> **PROMPT**:
Set down all of the data exactly. Pictures stay out of the copy.

> **SOURCE MATERIAL**:
= = = = =
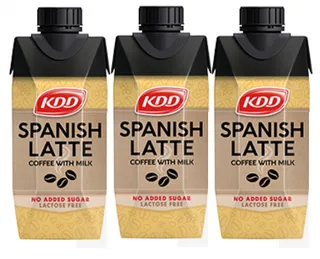 KDD Spanish Latte Coffee With Lactose Free Milk 3X250Ml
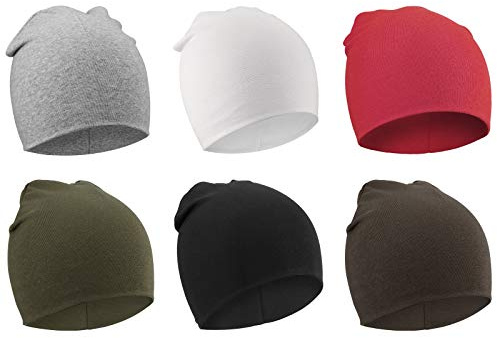 DRESHOW 6 PCS Bebé Beanie Sombrero Recién Nacidos Niño Pequeño Sombrero para Bebés Niños Gorros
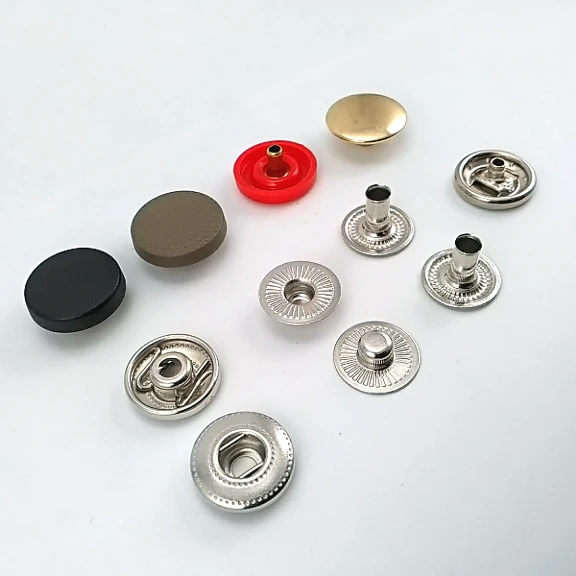 Alfa S 15 mm Plastik Çıtçıt 54 Sistem Pirinç 4 lü Takım ERCAS0015PL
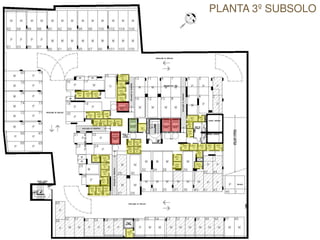 PLANTA 3º SUBSOLO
= = = = =
> **RESPONSE TO THIS TASK**:
 KDD Spanish Latte Coffee With Lactose Free Milk 3X250Ml
 DRESHOW 6 PCS Bebé Beanie Sombrero Recién Nacidos Niño Pequeño Sombrero para Bebés Niños Gorros
 Alfa S 15 mm Plastik Çıtçıt 54 Sistem Pirinç 4 lü Takım ERCAS0015PL
 PLANTA 3º SUBSOLO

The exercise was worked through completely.